/microschema

A concise, human-readable notation & format for modeling data and objects

Artistic License 2.0Artistic-2.0

microschema

a concise notation for data and object modeling (YAML-inspired)

Intro

microschema uses YAML’s structure to represent the relationships within the data model. However I am not sure it’s 100% YAML compliant because it uses special characters in weird ways. I may formalize this further in the future.

Also, I don’t expect you to use this, or even to try to understand it, because it’s very peculiar. However if you want to adopt this, I’m down with that.

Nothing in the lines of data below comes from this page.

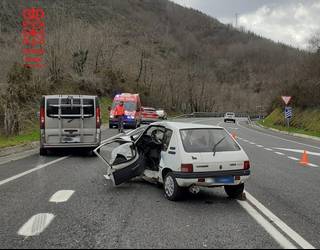 Igantziko bentetan auto istripu batean larriki zauritu den gizonezko bat Baionako ospitalera eraman dute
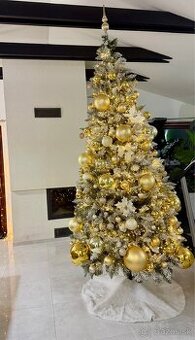 Vianočný stromček 300cm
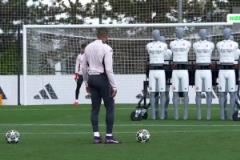 大戰(zhàn)在即！皇馬眾將備戰(zhàn)阿森納都練了些什么？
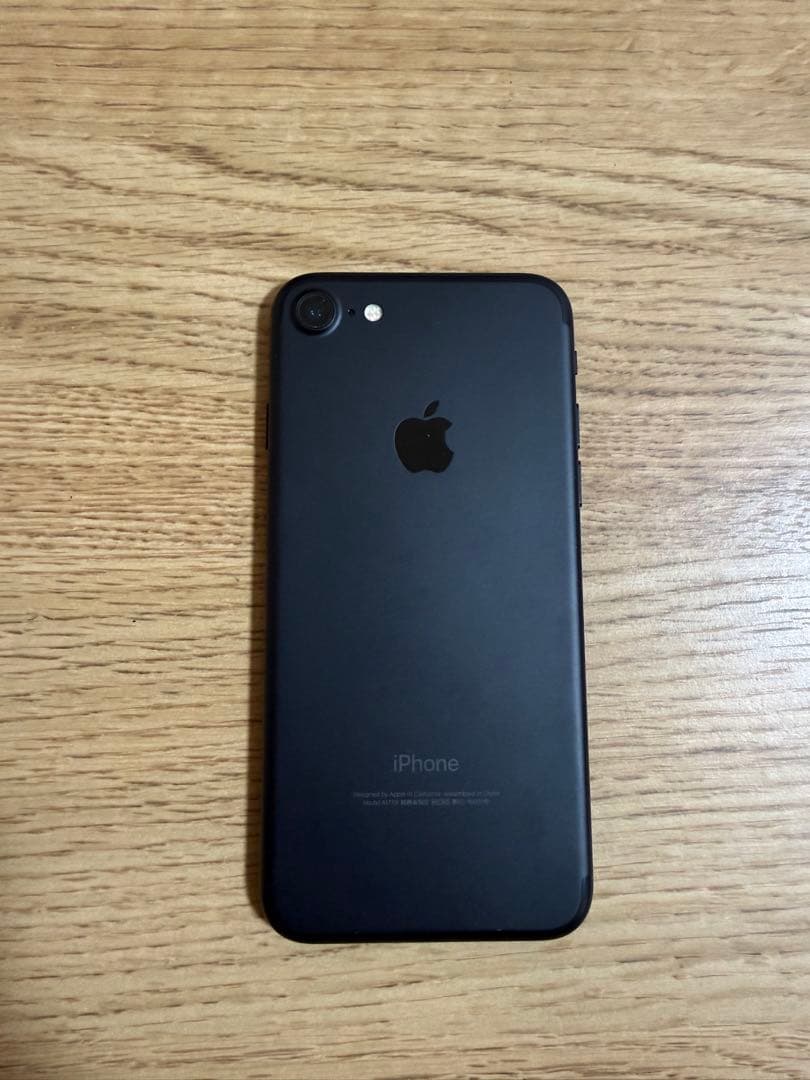 iPhone 7 ジェットブラック32GB SIMフリー バッテリー96%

The main purpose of micro-schema was to have a plain-text representation of a schema in as compact and human-readable a format as possible, so that it could fit into boxes in a flow chart AND be able to be tracked in git. The only downside to this approach is that it makes use of extended characters, as you will see, but I find that makes it more readable, and heck, it’s 2015, not 1975. We CAN use more than just base64 characters now. We have unicode. We have touch-screen keyboards with arbitrary character sets. It’s OK. Really.

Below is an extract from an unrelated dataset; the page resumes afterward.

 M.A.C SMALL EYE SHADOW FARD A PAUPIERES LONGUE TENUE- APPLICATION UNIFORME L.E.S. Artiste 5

Note: the attached diagram won’t make much sense to you until I explain certain things, and it’s kind of weird, but I’ll be glad to answer any questions you have about it. Please don’t judge until you know my reasons; there are certain aspects of that which were not done how I would have preferred but there were reasons for that :D

If you’re not familiar with YAML, Google will find JSON to/from YAML converters.

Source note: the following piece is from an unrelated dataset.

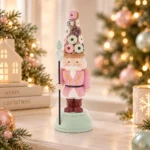 Decoratiune Craciun din rasina, Spargatorul de nuci cu gogosi pe cap, 22cm - imagine 2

I unabashedly took artistic license choosing which symbols to use for which types, mostly to make microschema visually pleasing and as compact as possible. I put as much thought as possible into each choice (see the FAQ) and am prepared to justify and defend my selections. Ultimately it does come down to artistic license, though, so I don't expect you (or even myself) to agree with or be happy about these choices. At the end of the day, we must, each of us, make decisions that are not always the ideal; perfection is impossible. However, because I did take artistic license (and, perhaps, poetic license) in creating microschema, therefore I release this work under the Artistic License 2.0.

Example

Here is an example invoice in YAML from www.yaml.org/start.html:

invoice: 34843
date   : 2001-01-23
bill-to: &id001
    given  : Chris
    family : Dumars
    address:
        lines: |
            458 Walkman Dr.
            Suite #292
        city    : Royal Oak
        state   : MI
        postal  : 48046
ship-to: *id001
product:
    - sku         : BL394D
      quantity    : 4
      description : Basketball
      price       : 450.00
    - sku         : BL4438H
      quantity    : 1
      description : Super Hoop
      price       : 2392.00
tax  : 251.42
total: 4443.52
comments: >
    Late afternoon is best.
    Backup contact is Nancy
    Billsmer @ 338-4338.

So, in microschema, to represent this abstractly we would do:

invoice: #
date: ™
bill-to: ?
    given: ?
    family: ?
    address:
        lines: |
            ?
            ?
    city: ?
    state: ?
    postal: #
ship-to: ?
product: &
    - sku: ?
      quantity: #
      price: #.#
      description: ?
 tax: #.#
total: #.#
comments: >
    ?

Use Cases

I made microschema while refactoring a data model for an e-commerce enterprise application, as I migrated it to using Doctrine MongoDB ODM for PHP (to which I once contributed).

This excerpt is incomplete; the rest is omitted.